Top of Provided data

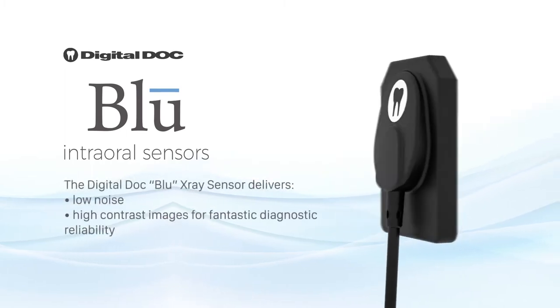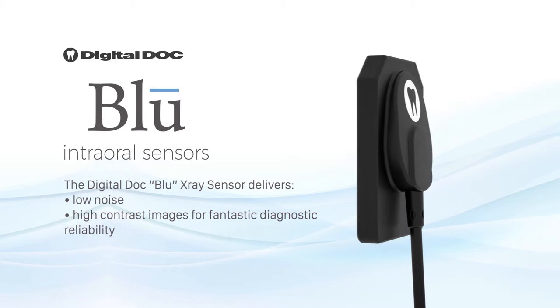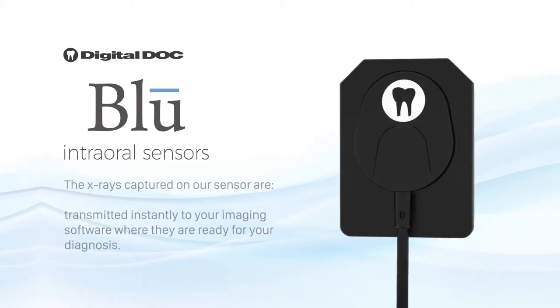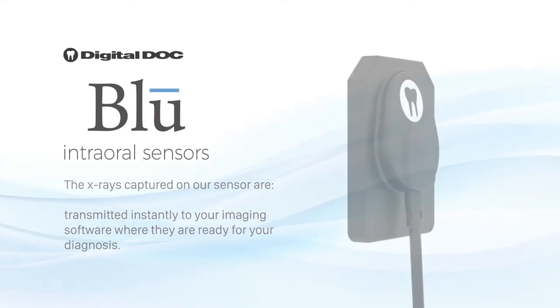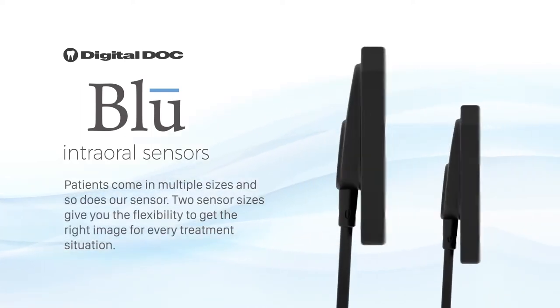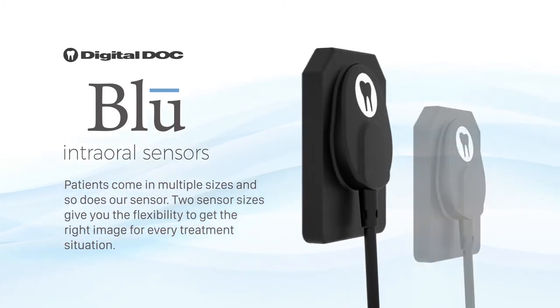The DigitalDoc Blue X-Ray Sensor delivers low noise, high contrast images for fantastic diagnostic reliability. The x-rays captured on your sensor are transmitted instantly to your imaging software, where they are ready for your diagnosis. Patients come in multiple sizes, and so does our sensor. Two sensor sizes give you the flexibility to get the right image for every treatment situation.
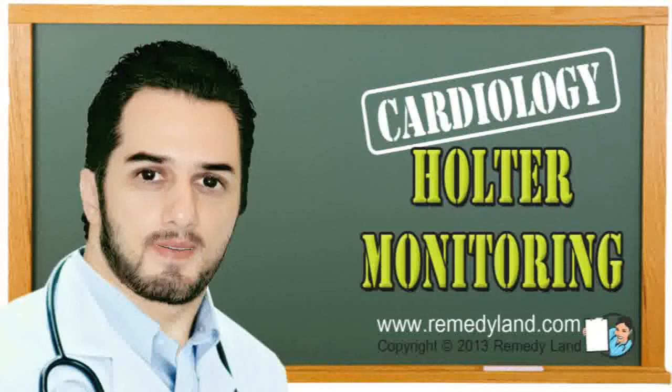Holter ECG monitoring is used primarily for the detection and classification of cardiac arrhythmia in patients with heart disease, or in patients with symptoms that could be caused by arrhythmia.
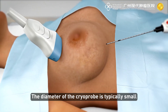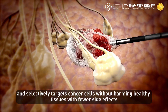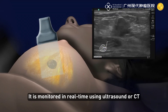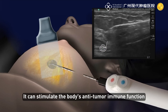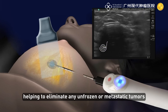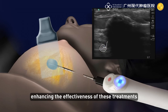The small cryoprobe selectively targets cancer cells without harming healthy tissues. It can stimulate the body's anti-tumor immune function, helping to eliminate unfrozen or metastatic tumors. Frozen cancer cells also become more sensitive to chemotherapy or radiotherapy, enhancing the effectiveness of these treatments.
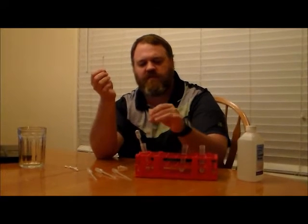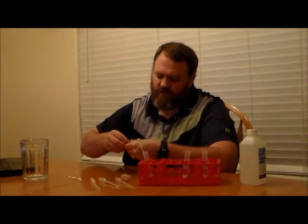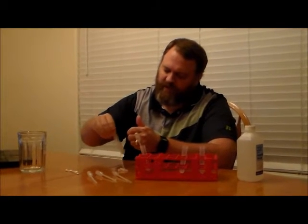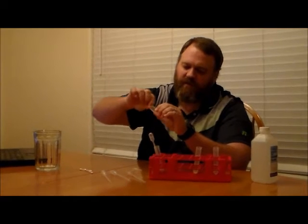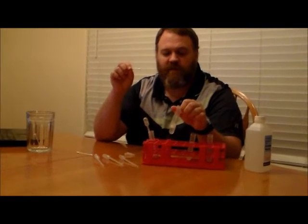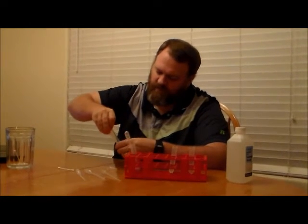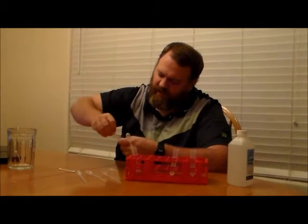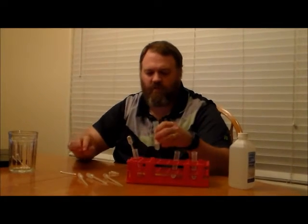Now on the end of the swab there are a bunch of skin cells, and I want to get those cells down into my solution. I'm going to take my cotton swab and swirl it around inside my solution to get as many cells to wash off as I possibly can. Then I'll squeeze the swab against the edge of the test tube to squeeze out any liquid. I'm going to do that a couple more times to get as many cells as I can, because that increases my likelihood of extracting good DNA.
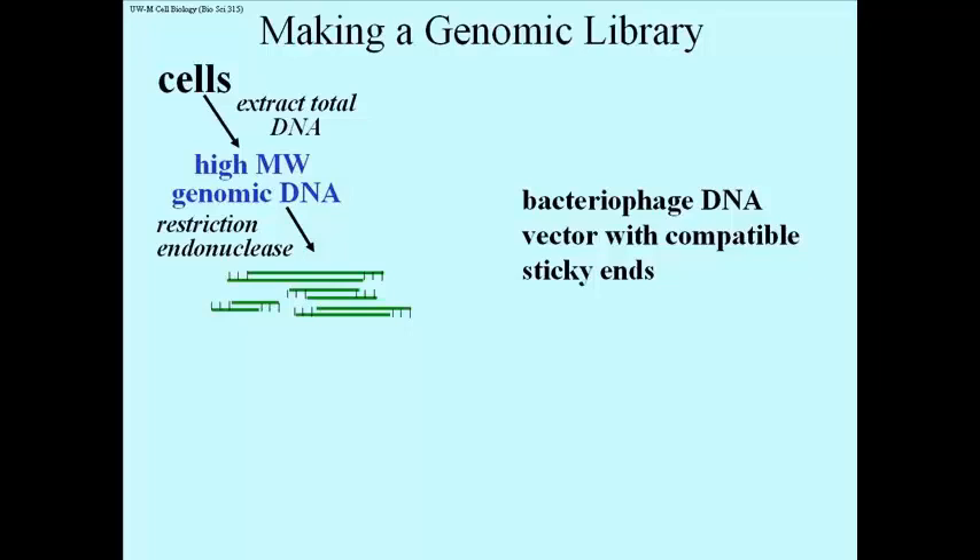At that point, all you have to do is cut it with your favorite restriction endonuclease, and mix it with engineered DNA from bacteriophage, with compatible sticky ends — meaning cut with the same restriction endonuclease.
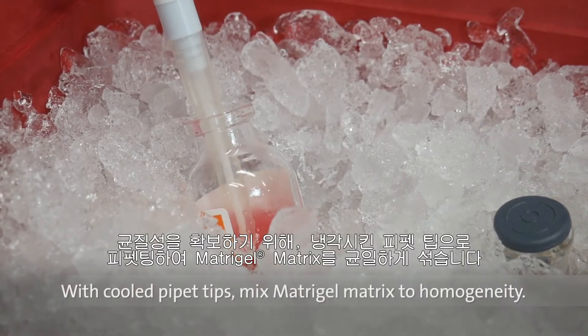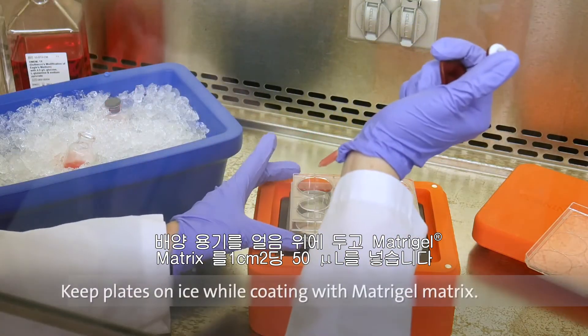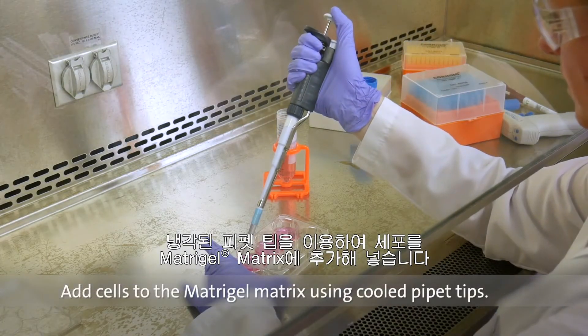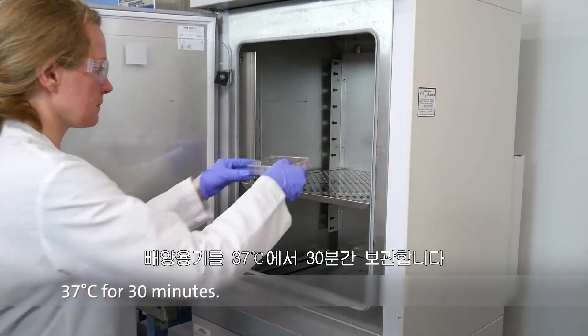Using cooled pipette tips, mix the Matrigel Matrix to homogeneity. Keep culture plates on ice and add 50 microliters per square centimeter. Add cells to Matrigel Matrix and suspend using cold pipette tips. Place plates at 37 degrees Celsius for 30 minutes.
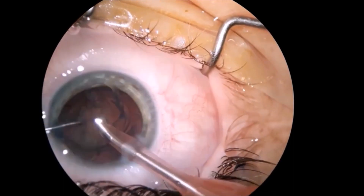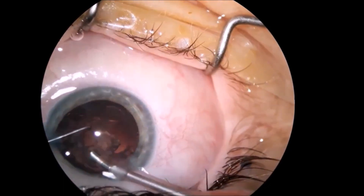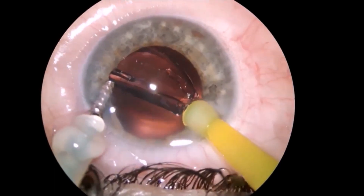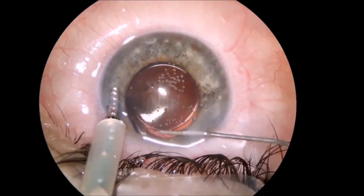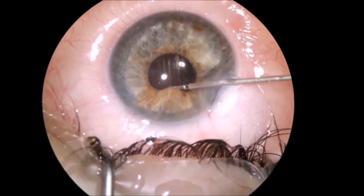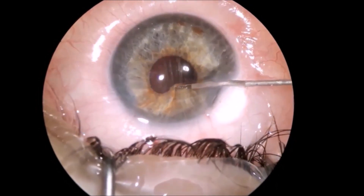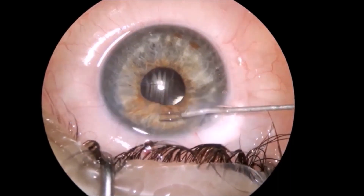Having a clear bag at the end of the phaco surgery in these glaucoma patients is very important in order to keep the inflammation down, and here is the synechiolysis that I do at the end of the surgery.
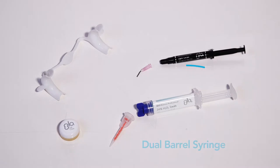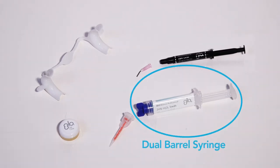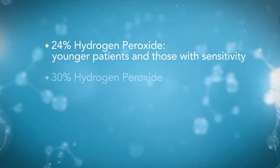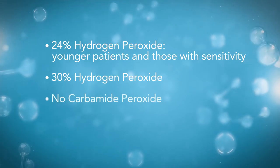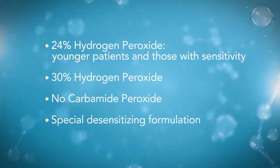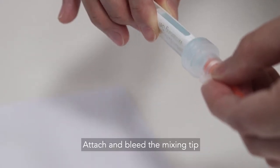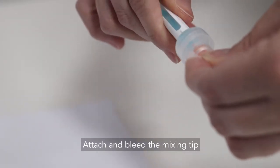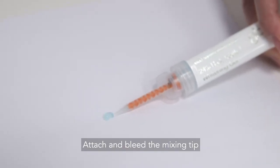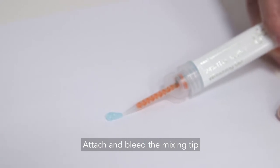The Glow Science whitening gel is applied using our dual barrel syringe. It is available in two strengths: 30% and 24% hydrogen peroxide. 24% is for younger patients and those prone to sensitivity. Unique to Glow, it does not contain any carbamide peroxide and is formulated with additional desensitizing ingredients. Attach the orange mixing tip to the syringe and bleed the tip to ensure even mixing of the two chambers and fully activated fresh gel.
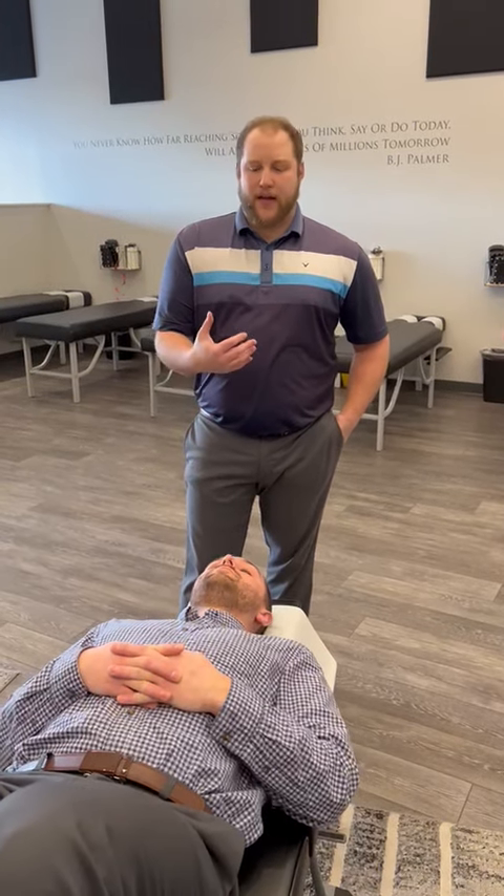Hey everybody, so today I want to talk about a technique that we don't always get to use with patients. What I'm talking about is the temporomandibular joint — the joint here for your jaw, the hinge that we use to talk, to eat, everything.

Bottom of Provided data

### Goal of the exercise
Exact output of each line above is wanted, without the pictures.

### Exercise solution
The DigitalDoc Blue X-Ray Sensor delivers low noise, high contrast images for fantastic diagnostic reliability. The x-rays captured on your sensor are transmitted instantly to your imaging software, where they are ready for your diagnosis. Patients come in multiple sizes, and so does our sensor. Two sensor sizes give you the flexibility to get the right image for every treatment situation.
Holter ECG monitoring is used primarily for the detection and classification of cardiac arrhythmia in patients with heart disease, or in patients with symptoms that could be caused by arrhythmia.
The small cryoprobe selectively targets cancer cells without harming healthy tissues. It can stimulate the body's anti-tumor immune function, helping to eliminate unfrozen or metastatic tumors. Frozen cancer cells also become more sensitive to chemotherapy or radiotherapy, enhancing the effectiveness of these treatments.
Now on the end of the swab there are a bunch of skin cells, and I want to get those cells down into my solution. I'm going to take my cotton swab and swirl it around inside my solution to get as many cells to wash off as I possibly can. Then I'll squeeze the swab against the edge of the test tube to squeeze out any liquid. I'm going to do that a couple more times to get as many cells as I can, because that increases my likelihood of extracting good DNA.
At that point, all you have to do is cut it with your favorite restriction endonuclease, and mix it with engineered DNA from bacteriophage, with compatible sticky ends — meaning cut with the same restriction endonuclease.
Using cooled pipette tips, mix the Matrigel Matrix to homogeneity. Keep culture plates on ice and add 50 microliters per square centimeter. Add cells to Matrigel Matrix and suspend using cold pipette tips. Place plates at 37 degrees Celsius for 30 minutes.
Having a clear bag at the end of the phaco surgery in these glaucoma patients is very important in order to keep the inflammation down, and here is the synechiolysis that I do at the end of the surgery.
The Glow Science whitening gel is applied using our dual barrel syringe. It is available in two strengths: 30% and 24% hydrogen peroxide. 24% is for younger patients and those prone to sensitivity. Unique to Glow, it does not contain any carbamide peroxide and is formulated with additional desensitizing ingredients. Attach the orange mixing tip to the syringe and bleed the tip to ensure even mixing of the two chambers and fully activated fresh gel.
Hey everybody, so today I want to talk about a technique that we don't always get to use with patients. What I'm talking about is the temporomandibular joint — the joint here for your jaw, the hinge that we use to talk, to eat, everything.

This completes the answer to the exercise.